How To Can Potatoes

Canning Potatoes for Easy Meal Prep

How To Can Potatoes

Reading Time: 4 minutes

Many individuals wonder why one would learn how to can potatoes when they store well in a cold storage space or root cellar. The answer is quite simple, for convenience. Home-canned potatoes are completely cooked once the canning process is done, making them a ready-to-consume food item.  

There are days in which working the property takes precedence to preparing the meals for the day, and on these days I opt to grab items from the canning pantry to prepare a meal. Is there anything better, or more convenient than grabbing a jar of Shepherd’s pie filling and home-canned potatoes for Shepherd’s pie? Now, add an easy no yeast bread and some green from the garden and you have the quickest, and easiest, meal to serve your family.  

I can’t tell you how many times I have been asked whether canning potatoes is worth space in the pantry. My response is the same every time … it is absolutely worth having jars of canned potatoes in the pantry. Remember, canned foods that have been pressure canned provide not only a method for preserving foods, but also a healthy version of fast food. Do you need 50 jars of potatoes? Not if you were able to store fresh potatoes into the root cellar or cold storage space.  

One thing you will have to remember, canning potatoes means they are completely cooked. This means you will be able to serve mashed potatoes to your heart’s content, and for my family, that is not a problem! Canned potatoes can also be used as an ingredient in a dish, however, how they are incorporated as an ingredient is a little different than what most are used to.  

When using pressured canned vegetables as an ingredient, you simply just need to heat them, as pressure canned goods are already cooked.

If you are ready to give canning potatoes a go, here are the steps for you.
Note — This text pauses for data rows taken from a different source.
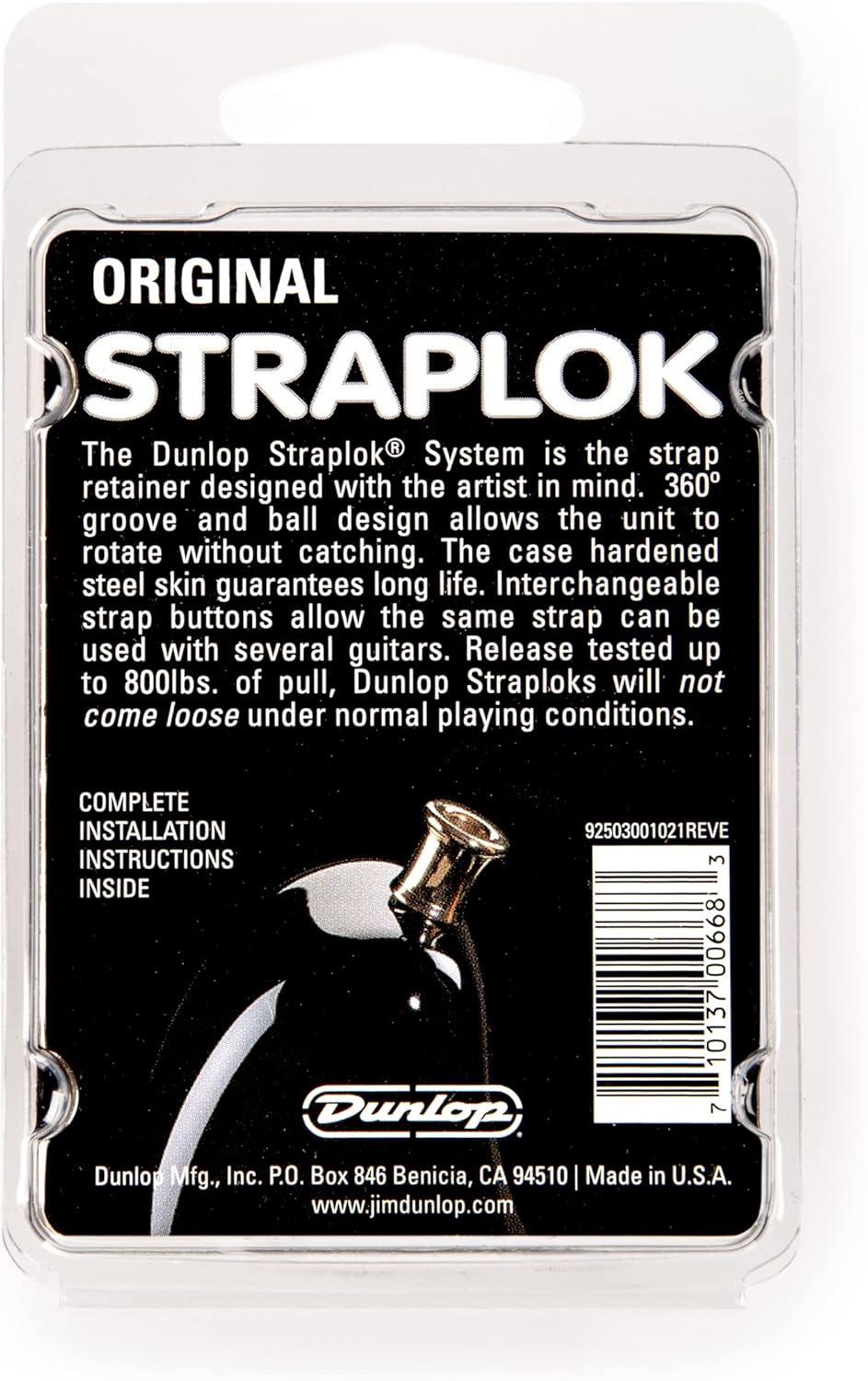 Dunlop SLS1104G Straplok® Original Strap Retainer System, Gold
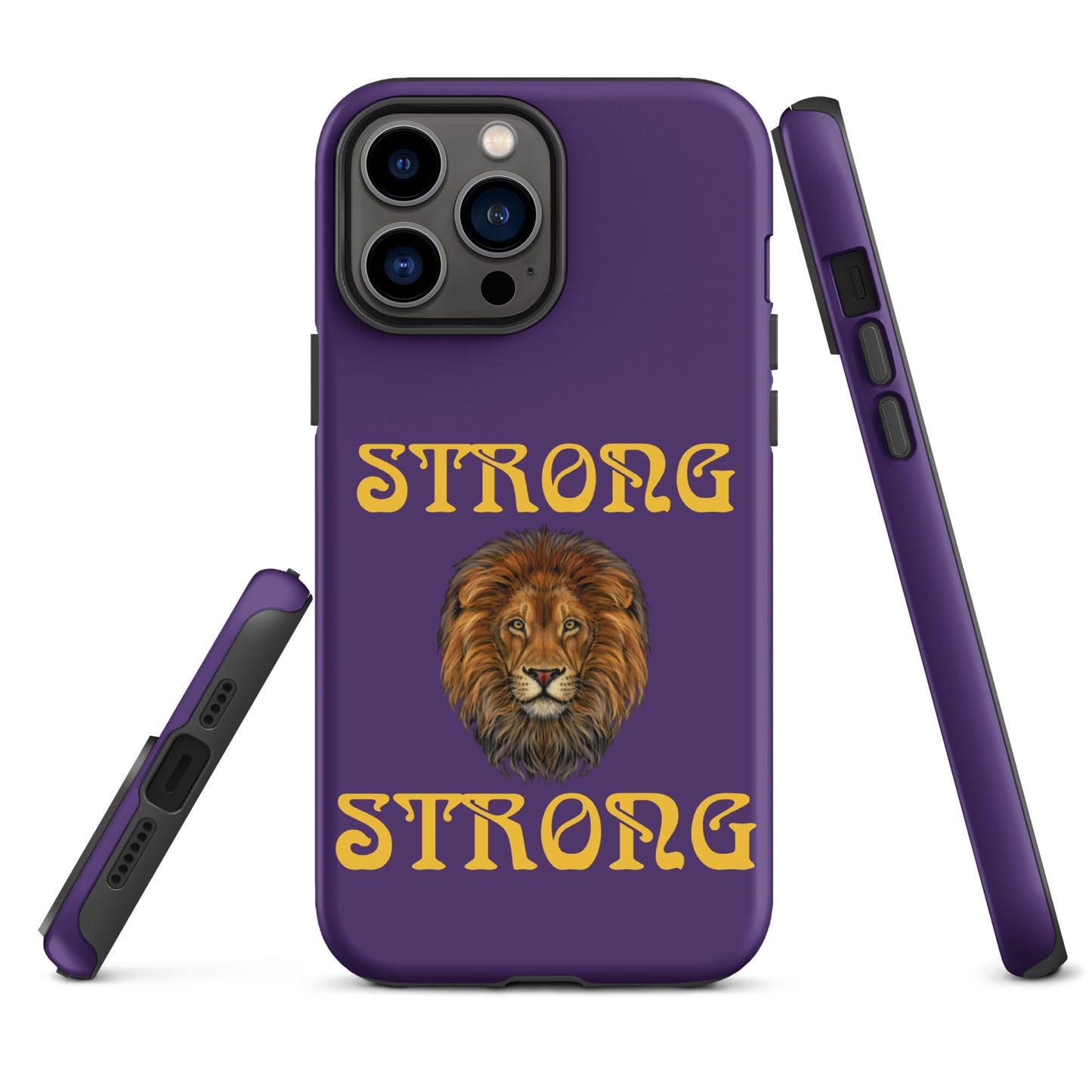 “STRONG”Purple DoubleView Tough Case for iPhone® W/Yellow Font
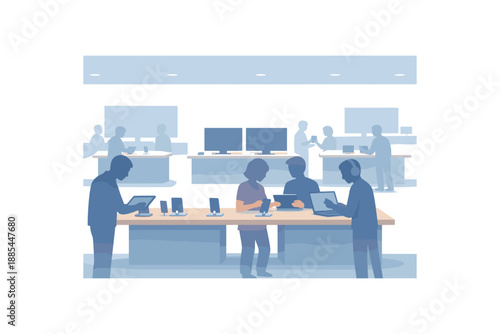 Flat vector background illustration of an electronics store demo tables with simplified people silhouettes trying devices and screen silhouettes haze style clean 2D shapes no outlines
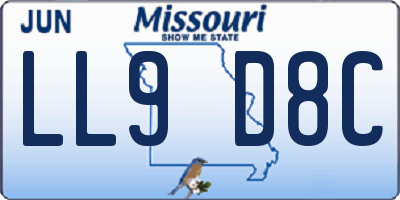 MO license plate LL9D8C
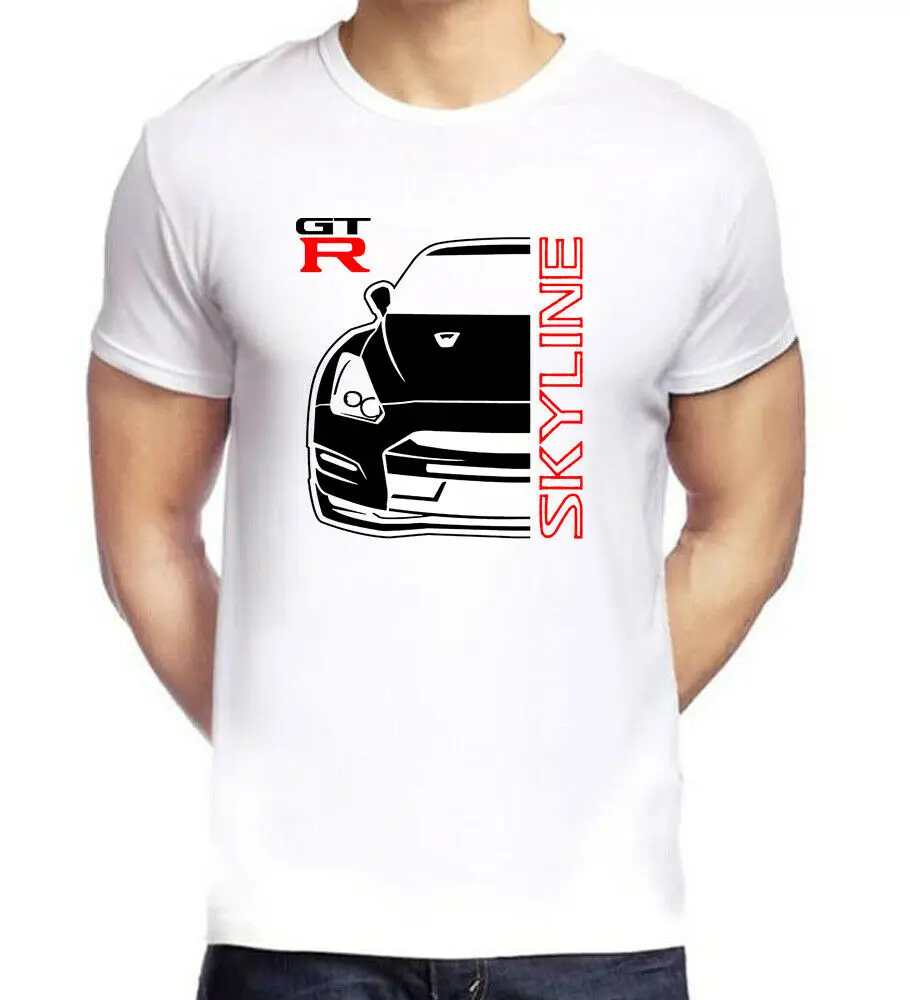 

Niss Skyline Gt-R Black White T Shirt 2019 New Pure Cotton Short Sleeves Hip Hop Fashion O-Neck Casual Cotton T Shirt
Just make sure to store some fresh as well!  

How to Can Potatoes  

The process of learning how to can potatoes is extremely easy, but there is one vital tip you are going to need to remember. All root vegetables must be peeled before canning them. Botulism, Clostridium botulinum, thrives in the soil. To ensure the spores do not transfer to your home-canned goods, it is essential to peel potatoes prior to canning them. This includes new or young potatoes. One last tip: potatoes can be canned cubed or whole. 



  • 20 pounds potatoes, red potato variety cans well
  • Ascorbic acid, bottled lemon juice, or citric acid to prevent browning — one teaspoon ascorbic acid to one gallon of water 
  • Boiled water 


The method used for canning potatoes is a hot pack method. If you are new to canning, make sure to read up on how to use a pressure canner. 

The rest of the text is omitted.